(Data excerpts)
•••
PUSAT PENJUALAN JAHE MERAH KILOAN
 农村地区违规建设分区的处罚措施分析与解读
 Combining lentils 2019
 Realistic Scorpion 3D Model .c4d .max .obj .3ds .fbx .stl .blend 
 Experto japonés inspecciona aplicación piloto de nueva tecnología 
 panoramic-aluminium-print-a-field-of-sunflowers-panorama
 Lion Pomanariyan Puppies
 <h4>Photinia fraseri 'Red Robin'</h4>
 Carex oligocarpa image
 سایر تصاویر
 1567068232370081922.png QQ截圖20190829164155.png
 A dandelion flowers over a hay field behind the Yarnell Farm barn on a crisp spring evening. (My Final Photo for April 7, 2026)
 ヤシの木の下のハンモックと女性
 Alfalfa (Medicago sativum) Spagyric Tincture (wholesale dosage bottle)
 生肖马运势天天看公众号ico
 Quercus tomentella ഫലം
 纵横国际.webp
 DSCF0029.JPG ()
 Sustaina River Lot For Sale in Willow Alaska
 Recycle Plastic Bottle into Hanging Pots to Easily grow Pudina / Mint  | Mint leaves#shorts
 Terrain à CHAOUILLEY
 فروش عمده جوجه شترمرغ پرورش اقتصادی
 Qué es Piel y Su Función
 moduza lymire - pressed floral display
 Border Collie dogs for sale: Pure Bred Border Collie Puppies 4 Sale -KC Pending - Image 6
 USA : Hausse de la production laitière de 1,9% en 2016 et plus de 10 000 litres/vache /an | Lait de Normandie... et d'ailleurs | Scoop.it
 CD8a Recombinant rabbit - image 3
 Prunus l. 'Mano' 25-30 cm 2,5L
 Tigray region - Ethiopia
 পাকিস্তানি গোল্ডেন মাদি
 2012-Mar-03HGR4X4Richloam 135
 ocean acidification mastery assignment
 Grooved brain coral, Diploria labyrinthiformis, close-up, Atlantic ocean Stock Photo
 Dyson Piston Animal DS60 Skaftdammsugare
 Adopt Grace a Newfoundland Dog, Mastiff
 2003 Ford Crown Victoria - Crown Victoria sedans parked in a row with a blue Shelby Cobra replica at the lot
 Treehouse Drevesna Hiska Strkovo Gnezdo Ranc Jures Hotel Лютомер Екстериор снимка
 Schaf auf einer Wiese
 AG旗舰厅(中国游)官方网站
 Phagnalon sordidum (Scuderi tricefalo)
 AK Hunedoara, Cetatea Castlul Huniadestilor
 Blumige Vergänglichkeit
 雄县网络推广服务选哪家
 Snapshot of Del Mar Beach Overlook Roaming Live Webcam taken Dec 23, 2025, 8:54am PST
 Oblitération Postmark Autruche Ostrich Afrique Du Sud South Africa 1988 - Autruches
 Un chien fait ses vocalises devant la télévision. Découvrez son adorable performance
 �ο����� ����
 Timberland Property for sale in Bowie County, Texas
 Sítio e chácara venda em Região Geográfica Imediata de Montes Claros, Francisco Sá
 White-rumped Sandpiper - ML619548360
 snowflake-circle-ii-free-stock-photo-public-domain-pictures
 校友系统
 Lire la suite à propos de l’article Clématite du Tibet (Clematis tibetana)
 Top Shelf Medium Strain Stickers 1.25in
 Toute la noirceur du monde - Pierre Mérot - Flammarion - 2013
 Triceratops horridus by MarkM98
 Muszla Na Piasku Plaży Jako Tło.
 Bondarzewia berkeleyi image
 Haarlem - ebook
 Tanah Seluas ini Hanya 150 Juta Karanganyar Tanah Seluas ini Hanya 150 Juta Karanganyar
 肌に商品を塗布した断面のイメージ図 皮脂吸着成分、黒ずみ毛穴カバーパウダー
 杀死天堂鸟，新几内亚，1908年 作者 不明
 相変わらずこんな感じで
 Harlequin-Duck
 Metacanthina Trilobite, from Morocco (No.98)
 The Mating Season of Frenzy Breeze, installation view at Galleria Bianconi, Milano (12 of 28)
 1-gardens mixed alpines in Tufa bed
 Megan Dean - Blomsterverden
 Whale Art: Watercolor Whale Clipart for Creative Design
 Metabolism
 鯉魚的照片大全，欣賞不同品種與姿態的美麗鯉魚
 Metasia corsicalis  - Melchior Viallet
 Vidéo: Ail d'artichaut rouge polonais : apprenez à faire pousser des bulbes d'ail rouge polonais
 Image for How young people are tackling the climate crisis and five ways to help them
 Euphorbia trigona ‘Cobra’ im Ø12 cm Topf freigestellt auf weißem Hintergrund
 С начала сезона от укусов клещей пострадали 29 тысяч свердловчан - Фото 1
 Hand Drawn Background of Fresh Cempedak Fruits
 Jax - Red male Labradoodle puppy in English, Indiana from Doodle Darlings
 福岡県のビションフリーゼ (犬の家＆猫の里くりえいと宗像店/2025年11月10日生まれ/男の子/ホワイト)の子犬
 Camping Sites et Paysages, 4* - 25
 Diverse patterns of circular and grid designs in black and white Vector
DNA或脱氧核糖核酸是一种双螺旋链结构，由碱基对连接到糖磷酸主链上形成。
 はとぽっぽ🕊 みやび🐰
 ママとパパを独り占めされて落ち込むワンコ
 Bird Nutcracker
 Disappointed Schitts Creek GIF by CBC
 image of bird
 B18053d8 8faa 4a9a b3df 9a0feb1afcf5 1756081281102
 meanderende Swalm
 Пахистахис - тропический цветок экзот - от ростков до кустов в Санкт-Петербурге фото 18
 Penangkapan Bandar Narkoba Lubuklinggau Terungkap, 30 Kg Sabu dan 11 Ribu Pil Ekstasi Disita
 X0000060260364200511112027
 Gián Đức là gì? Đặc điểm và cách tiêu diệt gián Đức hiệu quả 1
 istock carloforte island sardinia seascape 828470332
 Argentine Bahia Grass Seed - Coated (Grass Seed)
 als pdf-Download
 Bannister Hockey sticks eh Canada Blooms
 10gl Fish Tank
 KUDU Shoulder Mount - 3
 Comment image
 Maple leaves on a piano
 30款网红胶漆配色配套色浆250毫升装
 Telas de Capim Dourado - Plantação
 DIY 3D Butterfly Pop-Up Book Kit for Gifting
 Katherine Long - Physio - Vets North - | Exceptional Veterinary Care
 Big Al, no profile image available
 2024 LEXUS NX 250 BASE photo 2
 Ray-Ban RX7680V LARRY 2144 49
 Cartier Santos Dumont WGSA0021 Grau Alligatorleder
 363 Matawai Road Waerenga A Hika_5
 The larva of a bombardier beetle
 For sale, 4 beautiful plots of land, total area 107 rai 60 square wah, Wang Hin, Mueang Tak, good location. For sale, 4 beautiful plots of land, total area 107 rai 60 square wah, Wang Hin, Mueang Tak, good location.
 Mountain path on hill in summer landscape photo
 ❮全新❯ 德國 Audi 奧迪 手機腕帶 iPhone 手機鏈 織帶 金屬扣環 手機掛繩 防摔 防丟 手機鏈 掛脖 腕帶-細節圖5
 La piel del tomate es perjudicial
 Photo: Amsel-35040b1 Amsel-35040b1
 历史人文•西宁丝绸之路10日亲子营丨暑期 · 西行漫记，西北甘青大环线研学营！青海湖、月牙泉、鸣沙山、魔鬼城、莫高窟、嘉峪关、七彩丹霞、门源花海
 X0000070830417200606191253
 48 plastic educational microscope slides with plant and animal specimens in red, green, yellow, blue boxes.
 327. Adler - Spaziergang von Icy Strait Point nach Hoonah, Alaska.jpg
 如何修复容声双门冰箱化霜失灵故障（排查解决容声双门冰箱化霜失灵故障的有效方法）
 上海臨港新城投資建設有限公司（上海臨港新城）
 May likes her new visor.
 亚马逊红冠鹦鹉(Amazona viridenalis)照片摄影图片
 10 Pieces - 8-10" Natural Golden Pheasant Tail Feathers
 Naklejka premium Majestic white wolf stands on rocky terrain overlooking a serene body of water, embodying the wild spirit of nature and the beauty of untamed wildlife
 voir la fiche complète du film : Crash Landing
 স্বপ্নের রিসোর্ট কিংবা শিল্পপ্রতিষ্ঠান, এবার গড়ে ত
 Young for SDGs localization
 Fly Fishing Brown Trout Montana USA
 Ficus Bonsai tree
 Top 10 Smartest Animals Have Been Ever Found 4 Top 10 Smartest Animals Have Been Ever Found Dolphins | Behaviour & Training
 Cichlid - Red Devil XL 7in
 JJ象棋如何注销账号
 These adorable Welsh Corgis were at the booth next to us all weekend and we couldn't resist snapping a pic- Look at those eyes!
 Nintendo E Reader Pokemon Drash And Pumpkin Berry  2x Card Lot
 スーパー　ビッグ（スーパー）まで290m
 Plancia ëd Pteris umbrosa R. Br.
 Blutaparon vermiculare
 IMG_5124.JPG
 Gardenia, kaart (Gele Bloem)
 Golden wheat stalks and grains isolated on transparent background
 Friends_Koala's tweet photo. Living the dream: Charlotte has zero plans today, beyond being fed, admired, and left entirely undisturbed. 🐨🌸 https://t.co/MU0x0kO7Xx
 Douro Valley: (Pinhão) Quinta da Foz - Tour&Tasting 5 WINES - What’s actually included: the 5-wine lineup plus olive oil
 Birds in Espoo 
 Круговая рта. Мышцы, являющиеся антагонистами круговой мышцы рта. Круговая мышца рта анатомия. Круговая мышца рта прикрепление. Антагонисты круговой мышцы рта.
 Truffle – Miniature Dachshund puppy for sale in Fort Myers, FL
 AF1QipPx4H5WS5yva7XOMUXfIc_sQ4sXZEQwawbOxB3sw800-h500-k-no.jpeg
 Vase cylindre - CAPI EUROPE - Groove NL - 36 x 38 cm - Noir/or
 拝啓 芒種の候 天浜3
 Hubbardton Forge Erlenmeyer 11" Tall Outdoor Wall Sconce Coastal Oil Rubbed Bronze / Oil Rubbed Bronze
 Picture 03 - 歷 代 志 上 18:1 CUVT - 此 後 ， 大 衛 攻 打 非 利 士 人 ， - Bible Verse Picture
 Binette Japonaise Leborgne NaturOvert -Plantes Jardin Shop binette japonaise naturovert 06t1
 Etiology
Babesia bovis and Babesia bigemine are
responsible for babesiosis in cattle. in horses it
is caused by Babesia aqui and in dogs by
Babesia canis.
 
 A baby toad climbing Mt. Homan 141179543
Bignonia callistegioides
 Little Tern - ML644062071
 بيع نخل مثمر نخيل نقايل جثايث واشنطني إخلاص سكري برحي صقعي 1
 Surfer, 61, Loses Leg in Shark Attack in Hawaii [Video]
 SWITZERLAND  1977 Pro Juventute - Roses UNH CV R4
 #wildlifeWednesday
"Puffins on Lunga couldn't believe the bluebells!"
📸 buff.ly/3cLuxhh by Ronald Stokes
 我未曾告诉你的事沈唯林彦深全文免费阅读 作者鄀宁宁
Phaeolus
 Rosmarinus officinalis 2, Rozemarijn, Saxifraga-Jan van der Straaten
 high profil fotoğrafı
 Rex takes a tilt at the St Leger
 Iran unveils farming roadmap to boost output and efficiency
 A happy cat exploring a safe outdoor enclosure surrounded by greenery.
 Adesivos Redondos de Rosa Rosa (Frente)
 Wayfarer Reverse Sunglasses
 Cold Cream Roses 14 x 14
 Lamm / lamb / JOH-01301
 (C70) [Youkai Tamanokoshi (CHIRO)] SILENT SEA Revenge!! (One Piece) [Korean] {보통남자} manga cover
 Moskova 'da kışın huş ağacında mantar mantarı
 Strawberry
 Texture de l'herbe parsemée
•••
WHAT IS BEING ASKED:
The response must consist solely of the lines from the first line of the entries through the line containing "2012-Mar-03HGR4X4Richloam 135", repeated exactly.

RESPONSE FOR THIS EXERCISE:
PUSAT PENJUALAN JAHE MERAH KILOAN
 农村地区违规建设分区的处罚措施分析与解读
 Combining lentils 2019
 Realistic Scorpion 3D Model .c4d .max .obj .3ds .fbx .stl .blend 
 Experto japonés inspecciona aplicación piloto de nueva tecnología 
 panoramic-aluminium-print-a-field-of-sunflowers-panorama
 Lion Pomanariyan Puppies
 <h4>Photinia fraseri 'Red Robin'</h4>
 Carex oligocarpa image
 سایر تصاویر
 1567068232370081922.png QQ截圖20190829164155.png
 A dandelion flowers over a hay field behind the Yarnell Farm barn on a crisp spring evening. (My Final Photo for April 7, 2026)
 ヤシの木の下のハンモックと女性
 Alfalfa (Medicago sativum) Spagyric Tincture (wholesale dosage bottle)
 生肖马运势天天看公众号ico
 Quercus tomentella ഫലം
 纵横国际.webp
 DSCF0029.JPG ()
 Sustaina River Lot For Sale in Willow Alaska
 Recycle Plastic Bottle into Hanging Pots to Easily grow Pudina / Mint  | Mint leaves#shorts
 Terrain à CHAOUILLEY
 فروش عمده جوجه شترمرغ پرورش اقتصادی
 Qué es Piel y Su Función
 moduza lymire - pressed floral display
 Border Collie dogs for sale: Pure Bred Border Collie Puppies 4 Sale -KC Pending - Image 6
 USA : Hausse de la production laitière de 1,9% en 2016 et plus de 10 000 litres/vache /an | Lait de Normandie... et d'ailleurs | Scoop.it
 CD8a Recombinant rabbit - image 3
 Prunus l. 'Mano' 25-30 cm 2,5L
 Tigray region - Ethiopia
 পাকিস্তানি গোল্ডেন মাদি
 2012-Mar-03HGR4X4Richloam 135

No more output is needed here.